WORK TO BE COMPLETED =
Reproduce the records below exactly, but leave their pictures out of the copy.

Short web captions =
------------

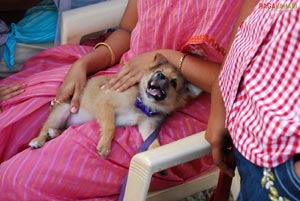 Visakhapatnam - Pet Show 2010, Tenneti Park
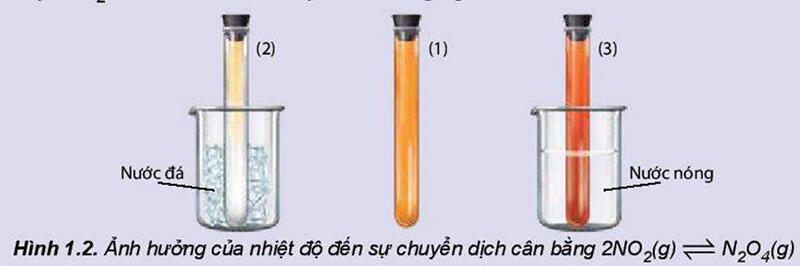 Một số hình ảnh nổi bật về cân bằng hoá học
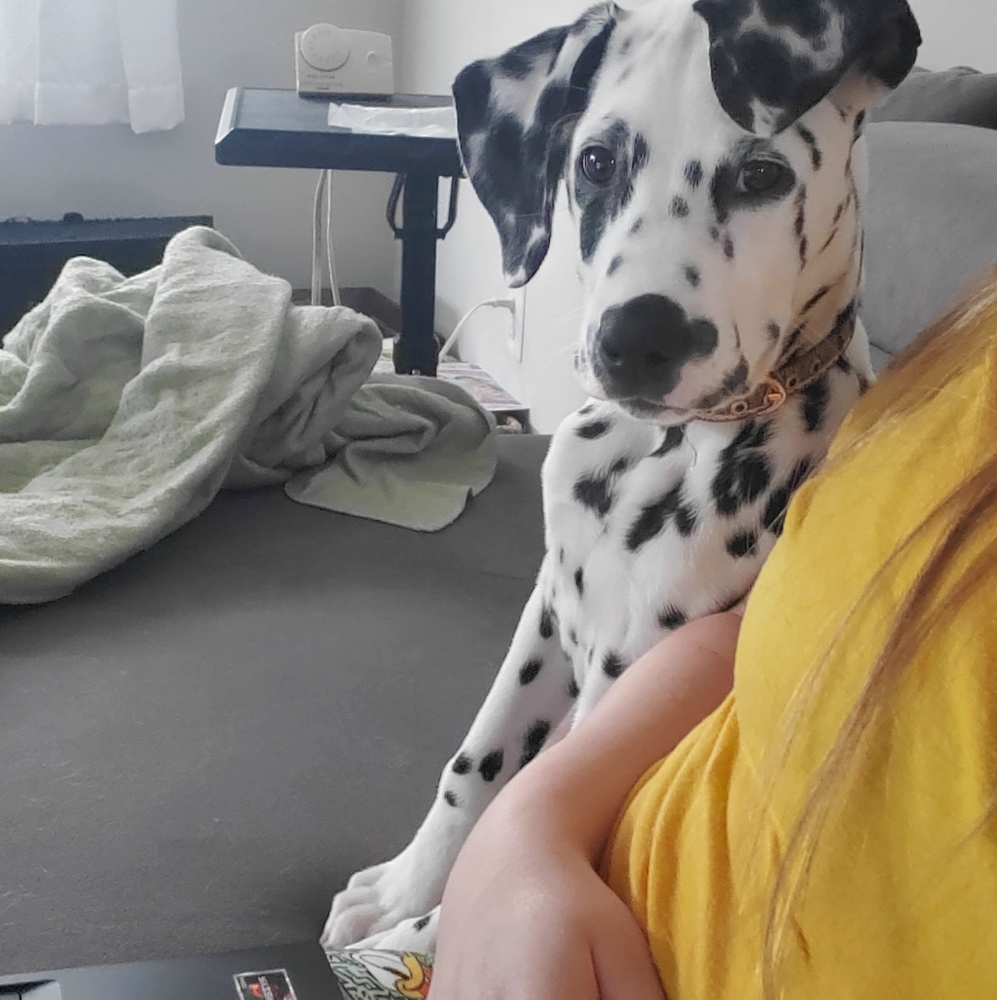 Meet Max! - Picture 4 of 14
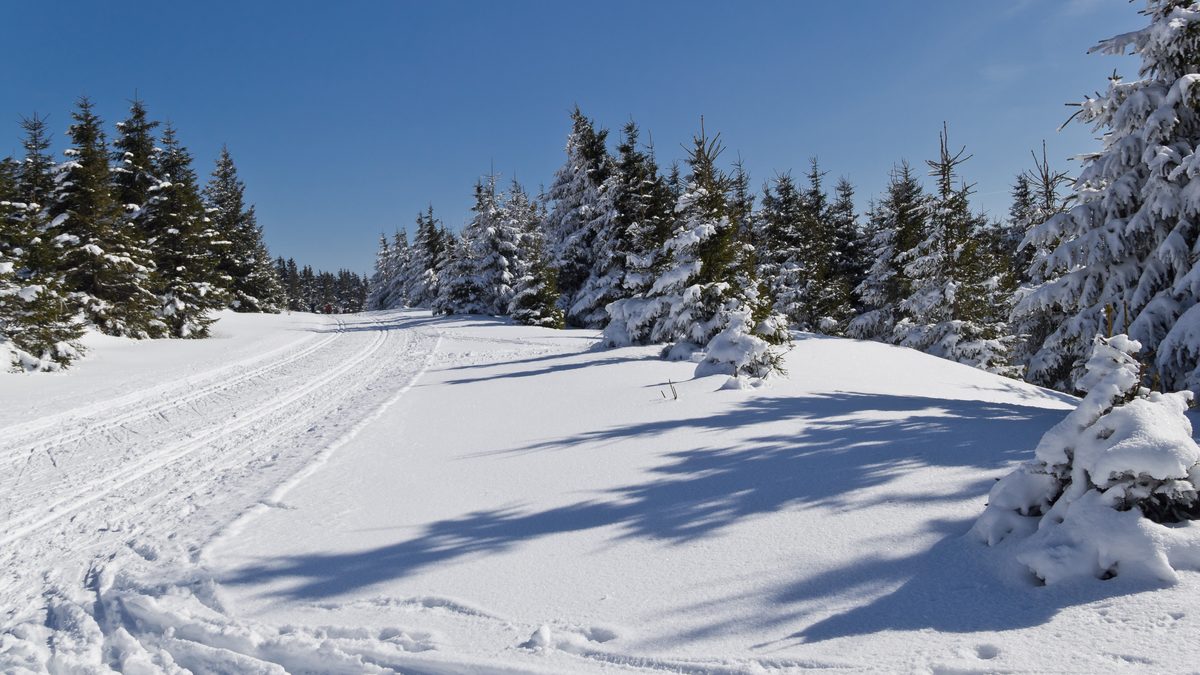 Frisch gespurte Langlaufloipe im Winterwald (Symbolbild)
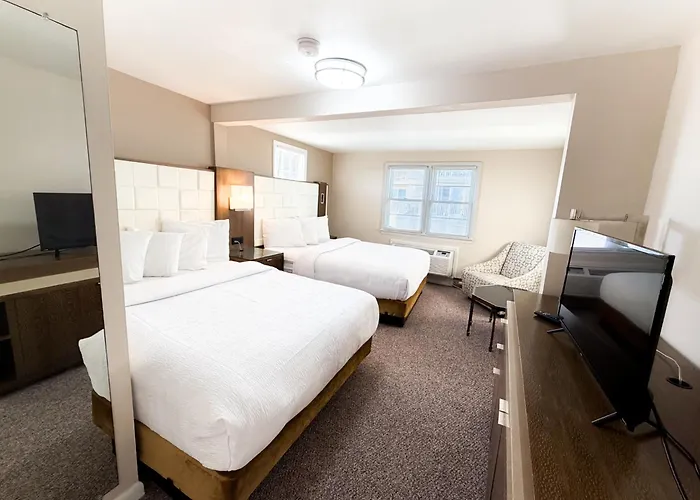 Hotel Majestic & 3*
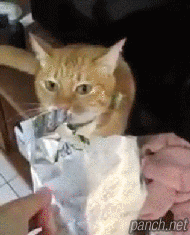 이거 니가 그랬어?!.gif_1.gif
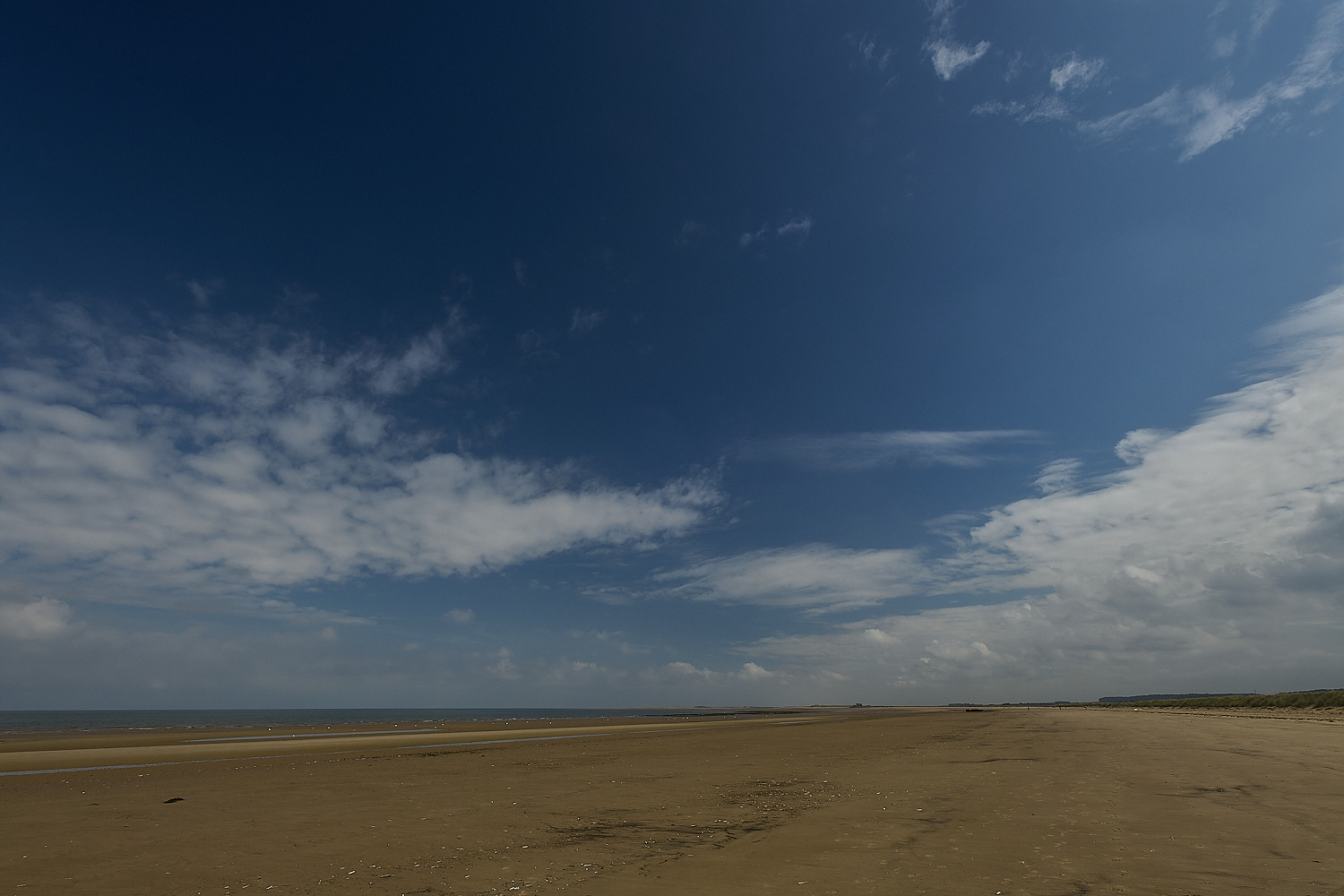 Titchwell040924-4-NEF-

------------

ANSWER SECTION =
 Visakhapatnam - Pet Show 2010, Tenneti Park
 Một số hình ảnh nổi bật về cân bằng hoá học
 Meet Max! - Picture 4 of 14
 Frisch gespurte Langlaufloipe im Winterwald (Symbolbild)
 Hotel Majestic & 3*
 이거 니가 그랬어?!.gif_1.gif
 Titchwell040924-4-NEF-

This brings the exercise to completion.